Maria – DIE Frauengestalt der abendländischen Kunstgeschichte schlechthin – hat im Laufe der Jahrhunderte viele Gesichter bekommen. Diese vielen Gesichter bilden das jeweilige Frauenbild einer Zeit ab und vergegenwärtigen, dass es einem ständigen Wandel unterliegt.

Johanna Schwanberg
ist Direktorin des Dom Museum Wien

Verzweifelte Mutter

Besonders berührt mich an den zahlreichen Marienbildnissen unserer Museums-Sammlungen, dass sie die wesentlichen emotionalen Momente des Lebens mittels Formen und Farben einfangen: die schönsten und die schmerzhaftesten. So präsentieren wir auf der einen Seite des Saals Madonnen mit dem Jesusknaben im Arm. Sie spiegeln die innigsten Augenblicke des Miteianders zwischen Mutter und Kind, wie etwa auf dem mittelalterlichen Gemälde „Maria mit der Erbsenblüte“ zu sehen, das von zärtlichen Berührungen und Blickkontakten lebt.

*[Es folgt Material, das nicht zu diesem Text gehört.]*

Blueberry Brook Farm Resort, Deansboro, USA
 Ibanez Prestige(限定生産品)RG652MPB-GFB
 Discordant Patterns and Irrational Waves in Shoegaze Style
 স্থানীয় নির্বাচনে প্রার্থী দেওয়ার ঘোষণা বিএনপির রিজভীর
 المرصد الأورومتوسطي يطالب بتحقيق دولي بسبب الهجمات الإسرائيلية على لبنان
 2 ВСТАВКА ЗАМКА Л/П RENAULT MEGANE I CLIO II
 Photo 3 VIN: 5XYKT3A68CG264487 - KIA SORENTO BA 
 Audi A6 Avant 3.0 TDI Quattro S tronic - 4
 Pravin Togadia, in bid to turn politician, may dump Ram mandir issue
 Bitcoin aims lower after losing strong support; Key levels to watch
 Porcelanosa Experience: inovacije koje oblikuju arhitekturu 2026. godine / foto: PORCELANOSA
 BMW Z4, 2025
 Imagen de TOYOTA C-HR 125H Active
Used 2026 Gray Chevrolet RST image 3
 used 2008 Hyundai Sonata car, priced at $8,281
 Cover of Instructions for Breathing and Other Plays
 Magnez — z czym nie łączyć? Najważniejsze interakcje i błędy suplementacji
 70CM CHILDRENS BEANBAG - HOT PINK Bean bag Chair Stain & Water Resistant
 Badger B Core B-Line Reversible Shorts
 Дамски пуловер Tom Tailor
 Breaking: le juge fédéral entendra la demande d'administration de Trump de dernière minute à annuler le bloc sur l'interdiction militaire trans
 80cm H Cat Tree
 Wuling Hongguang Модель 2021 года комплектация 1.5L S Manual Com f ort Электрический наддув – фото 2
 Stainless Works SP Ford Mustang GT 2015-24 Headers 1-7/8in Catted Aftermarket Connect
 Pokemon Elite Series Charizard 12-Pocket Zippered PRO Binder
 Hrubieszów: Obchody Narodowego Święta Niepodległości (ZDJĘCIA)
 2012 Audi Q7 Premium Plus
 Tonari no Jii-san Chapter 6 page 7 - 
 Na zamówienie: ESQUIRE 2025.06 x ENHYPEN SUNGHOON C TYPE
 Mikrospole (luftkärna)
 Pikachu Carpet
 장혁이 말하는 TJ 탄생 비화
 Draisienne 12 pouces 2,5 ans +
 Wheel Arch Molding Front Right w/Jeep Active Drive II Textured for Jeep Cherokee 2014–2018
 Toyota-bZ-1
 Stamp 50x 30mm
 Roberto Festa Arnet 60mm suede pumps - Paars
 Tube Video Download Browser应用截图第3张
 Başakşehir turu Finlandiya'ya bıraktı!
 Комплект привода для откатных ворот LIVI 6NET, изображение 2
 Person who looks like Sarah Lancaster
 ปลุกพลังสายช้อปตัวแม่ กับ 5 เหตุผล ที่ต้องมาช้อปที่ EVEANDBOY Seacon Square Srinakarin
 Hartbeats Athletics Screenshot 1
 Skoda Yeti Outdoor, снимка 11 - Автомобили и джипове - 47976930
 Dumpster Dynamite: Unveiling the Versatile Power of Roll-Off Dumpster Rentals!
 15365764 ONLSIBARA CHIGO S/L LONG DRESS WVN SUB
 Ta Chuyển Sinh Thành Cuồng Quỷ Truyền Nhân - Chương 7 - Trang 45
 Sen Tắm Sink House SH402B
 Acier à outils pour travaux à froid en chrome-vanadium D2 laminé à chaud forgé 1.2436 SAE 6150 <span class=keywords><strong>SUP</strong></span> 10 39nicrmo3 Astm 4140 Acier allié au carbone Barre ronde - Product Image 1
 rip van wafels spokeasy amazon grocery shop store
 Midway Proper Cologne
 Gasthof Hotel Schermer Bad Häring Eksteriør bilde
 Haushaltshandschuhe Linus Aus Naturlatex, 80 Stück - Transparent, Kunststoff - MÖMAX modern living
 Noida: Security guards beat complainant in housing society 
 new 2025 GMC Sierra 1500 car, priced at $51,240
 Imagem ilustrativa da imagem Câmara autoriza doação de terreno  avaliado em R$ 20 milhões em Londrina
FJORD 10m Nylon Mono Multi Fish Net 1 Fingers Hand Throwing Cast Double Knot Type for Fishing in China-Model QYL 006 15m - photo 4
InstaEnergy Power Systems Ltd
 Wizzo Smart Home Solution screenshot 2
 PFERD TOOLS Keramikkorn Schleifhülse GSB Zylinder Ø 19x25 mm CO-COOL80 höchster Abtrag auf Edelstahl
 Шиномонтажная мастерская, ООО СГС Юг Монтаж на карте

Auf der anderen Seite finden sich Vesperbilder – etwa die ergreifende farbig gefasste mittelalterliche „Wopfinger Pieta“. Diese vom Zahn der Zeit stark beschädigte Holzfigur geht mir immer wieder aufs Neue unter die Haut, denn sie zeigt Maria als verzweifelte Mutter, die ihren toten Sohn beweint. Pieta-Darstellungen halten ein Moment aus der Leidensgeschichte Jesu fest. Sie berühren aber auch ein Thema, das darüber hinaus jede Mutter betrifft. Denn Mutter sein, bedeutet nicht nur unendliche Liebe zu verspüren, sich täglich am Lachen des Kindes zu erfreuen, sondern auch ständig mit Angst vor Verlust umzugehen.

Schutzmantelmadonna

Zu meinen Lieblingsstücken unserer Sammlungen gehört die „Schreinmadonna“ aus den 1420er oder 1430er Jahren. Wir haben diese herausragende Mariendarstellung bewusst im Zentrum des Ausstellungsraumes aufgestellt. Denn sie verbindet Geburt und Tod. Zugleich ist sie künstlerisch wie inhaltlich eine der faszinierendsten mittelalterlichen Skulpturen, die ich kenne.

Zwischenruf
Sonntag, 15.8.2021, 6.55 Uhr, Ö1

Im geschlossenen Zustand ist die Muttergottes auf einem von Engeln getragenen Thron dargestellt; die linke Hand hielt ursprünglich vermutlich ein Zepter, die rechte Hand stützte wohl eine Jesusfigur. Öffnet man diese Mischung aus Skulptur und Schnitzaltar, ist Maria als Schutzmantelmadonna zu sehen: Sie breitet ihre Arme über die Frauen zu ihrer Rechten und die Männerfiguren zu ihrer Linken aus, unter denen beispielsweise ein Papst und ein Bischof zu erkennen sind. Diese Figuren wurden nicht wie sonst üblich gemalt, sondern als Relief ausgeführt. Im Schreininneren zeigt der Bildhauer eine besondere Darstellung der Dreifaltigkeit.

Eine große Macht

Maria tritt hier als Mutter der gesamten Menschheit auf und trug – im ursprünglichen Zustand der Skulptur – Gottvater, Gottes Sohn und den Heiligen Geist in sich. Die Gottesmutter wird als dem männlichen Prinzip übergeordnet dargestellt, vielleicht einer der Gründe, warum heute nur noch wenige dieses einst weit verbreiteten Marientypus erhalten geblieben sind.

Bei Führungen durch unser Museum bemerke ich, dass sich gerade diese Madonna als Identifikationsfigur für Frauen anbietet. Schließlich steht sie für die Bedeutung von Frauen – auch in Zeiten, in denen diese nicht im Zentrum des offiziellen welt- und kirchenpolitischen Geschehens standen. Genau das liebe ich an bildender Kunst. Bilder, Skulpturen oder Zeichnungen können nicht unmittelbar gesellschaftspolitisch verändernd wirken, aber sie haben eine große Macht. Denn sie können mittels Farben und Formen alternative Perspektiven auf die Welt – in dem Fall auf das Verhältnis der Geschlechter – zeigen und somit die Wirklichkeit entscheidend mitgestalten.